After navigating a messy breakup with a live-in boyfriend recently, your mom has just come out with a startling proposition, delivered via FaceTime while sporting a look of pure, unfiltered joy: You could, if temporarily, move back home with your parents.
While delivered in a casual tone, experts confirm mom’s heart soared out of her chest merely imagining herself packing a brown paper bag lunch for you to take to work in the city.
“Even just for a little while. You know, just to get you back on your feet,” Mom added immediately after delivering a squeal so high-pitched only dogs could hear it. Her face was aglow from the mere prospect of having one of her kids back in the house.
Apparently feeling she needs to cool her jets a little, Mom adds, “We wouldn’t mind. I mean, we could make it work.” Research suggests this was thinly veiled attempt to not scare you off.
Mom’s suggestion was swiftly and unceremoniously declined on the spot. However, this didn’t stop Mom from offering you “as much time as you need” to think about it, while throwing in an offer to do your laundry to sweeten the deal.
“We’re just a 50-minute train ride into the city,” Mom has declared, apparently under the impression that adding 50 minutes to your commute is feasible. “And dad can pick you up from the station on his way home from work.

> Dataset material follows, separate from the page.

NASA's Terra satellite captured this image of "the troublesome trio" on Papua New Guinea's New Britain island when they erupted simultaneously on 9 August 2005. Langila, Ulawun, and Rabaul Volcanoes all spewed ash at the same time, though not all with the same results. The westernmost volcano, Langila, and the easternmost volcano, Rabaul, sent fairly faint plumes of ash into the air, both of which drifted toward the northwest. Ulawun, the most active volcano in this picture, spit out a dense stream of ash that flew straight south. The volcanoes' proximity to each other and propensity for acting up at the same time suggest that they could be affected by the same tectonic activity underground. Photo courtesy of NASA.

Easy peasy!”
At print time, Mom has not confirmed that what she wants, more than anything in the world, is for her baby girl to come home for a few months. Though the orgasm-adjacent look on her face at hearing the words, “looking for a new apartment,” prompts suspicion that she’s actually been waiting for you and Michael to break up this whole time.
“What, do you think I want to spend nights feeding you home-cooked meals like before you went to college and didn’t need me anymore?” Mom hastily adds, in what she apparently meant as a rhetorical question. She immediately ended the FaceTime call to go wash your sheets and whip up that chicken recipe you’ve always loved.